Archive for January, 2009

Capturing continuity

January 24, 2009

Freud used to say that the repressed returns. In today’s comic book marketplace, you don’t even have to be repressed. Indeed, scientists predict that, at the current rate of reprinting, every single comic book ever published will have been reprinted by March 2016. At which point the entire surface of the North American continent will collapse under the combined weight of unsold copies of World War Hulk: Frontline, The Essential Star Comics: ALF, and Bazooka Joe: The Classic Years: Volumes 1-37.

One of the odder reprint projects in recent years has been the decades-old continuity handbooks. Marvel has Essential-ized its Official Handbook of the Marvel Universe and DC was at one stage planning to Showcase its equivalent Who’s Who. DC has already reprinted Michael Fleischer’s quixotic Encyclopedias from the 1970s which exhaustively, and exhaustingly, indexed every Superman, Batman and Wonder Woman story up to the 1960s.

These volumes are doubly redundant nowadays: first, because they’re out of date but, second, because of the internet—and wikis in particular. Pretty much every obscure detail of continuity is available somewhere online, if you’ve only the patience to find it.

So let’s have a trivia quiz about facts in the DC universe. We’ll start it off with an easy one:

1) Who is the alter ego of Superman?

Okay, you probably didn’t have to look up anything to answer “Clark Kent”. So try this one:

2) Who is the alter ego of Chameleon Boy?

I admit, I had to check that on wikipedia. What about this one:

3) Which of the following two cities has the higher latitude: Paris or New York?

Your first reaction might be: well, hang on, what? That’s not in the Who’s Who.

But, if you think about it, you’ll see that it is a legitimate question about the DC universe. In the DC universe, there’s a place called Paris, and a place called New York. So there’s got to be a fact about which city is northernmost, even if it’s never been explicitly mentioned in any DC comic [although perhaps some eager reader will direct me to an obscure panel from an old issue of JLE].

A bit of searching on the internet shows that, in our world, the answer is “Paris”. So it’s probably true in the DC universe, right?

Now, how about this question:

4) What is two times pi, to two decimal places?

Again, not something in Who’s Who, and probably not something that’s ever been explicitly mentioned in an issue of Booster Gold or whatever. But, in our world, two times pi is 6.28. So that must be the answer in the DC universe too.

This shows something important about fictional universes: their authors never tell us all the facts about them. As a matter of fact, they couldn’t possibly tell us all the facts, since there are indefinitely many of them. So how do we know that, in the DC universe, Paris is north of New York and twice pi is 6.28, if no comic about the DC universe has ever told us as much?

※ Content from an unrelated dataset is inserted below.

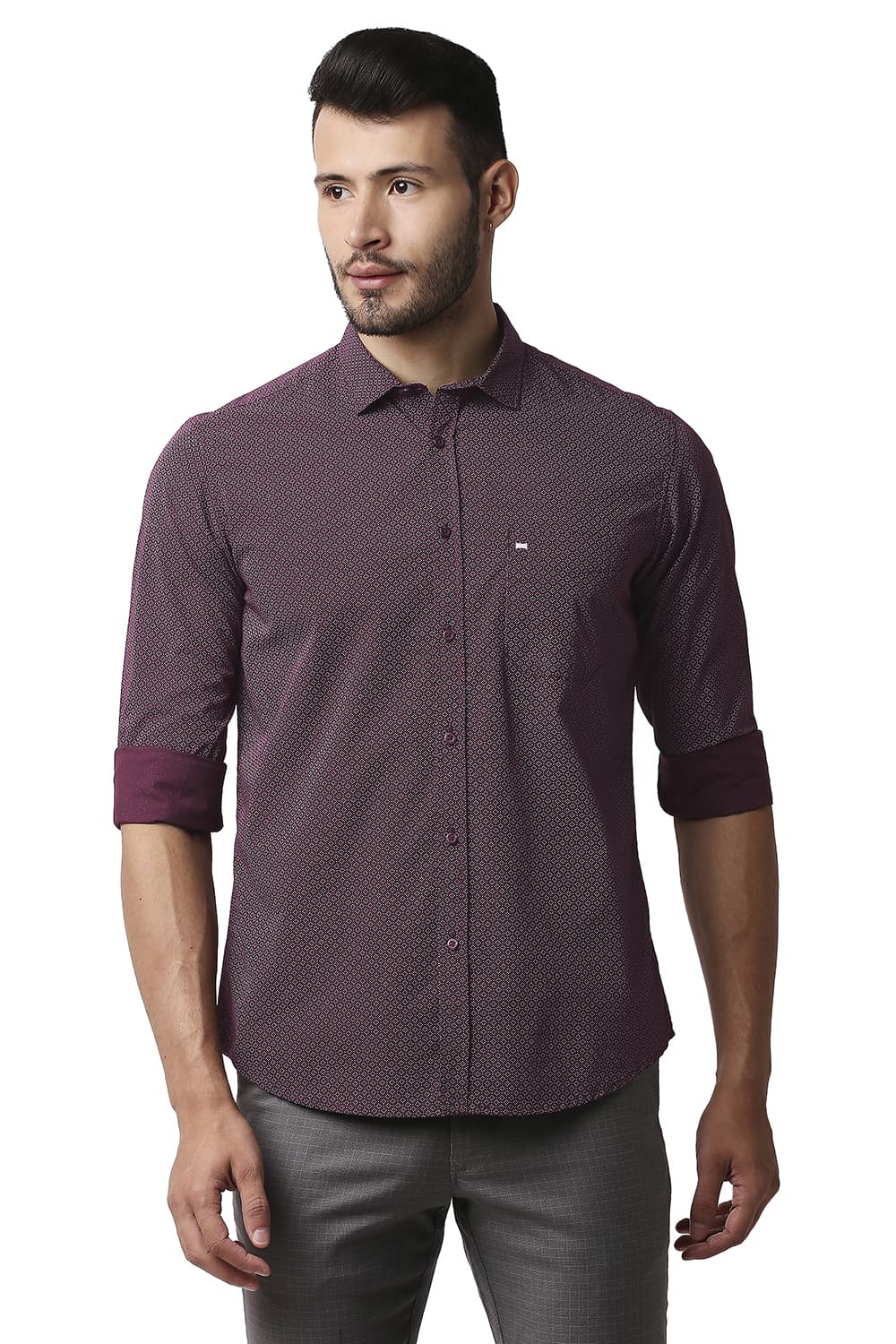 BASICS SLIM FIT POPLIN PRINTED SHIRT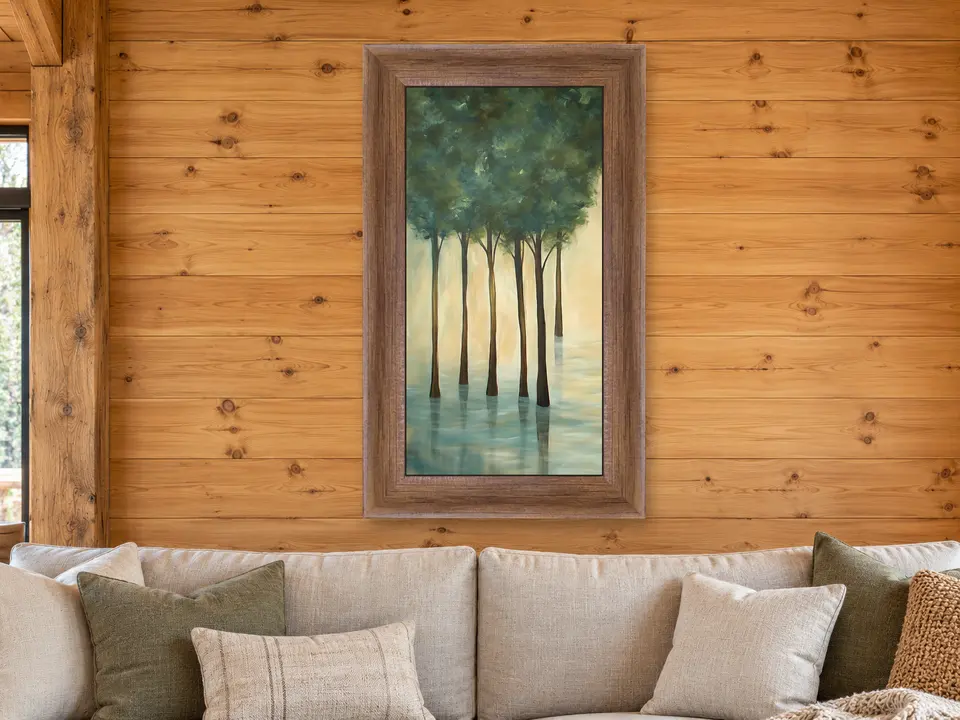 Distant Sanctuary Tree Landscape Framed Wall Art framed on a wall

Here’s a simple answer: when we are told a story, we assume that the world it describes is just like ours. When Siegel and Shuster drew their first Superman stories, they didn’t need to tell their readers that physics and mathematics worked pretty normally in their fictional world, or that America had fought a bloody civil war in the nineteenth century. Their readers just assumed it, in the same way that we just assumed that Paris and Washington are located in roughly the same positions on DC-earth as they are on real-earth.

But clearly the simple answer is too simple. Consider the next two questions:

5) Is Superman a fictional character published by DC?

6) Do lots of people know that Superman is Clark Kent?

In our world, the answer to both questions is “yes”. But in the DC universe, the answer is “no”, of course. In the DC universe, Superman is a real guy and very few people know his secret identity (that’s why it’s a secret identity).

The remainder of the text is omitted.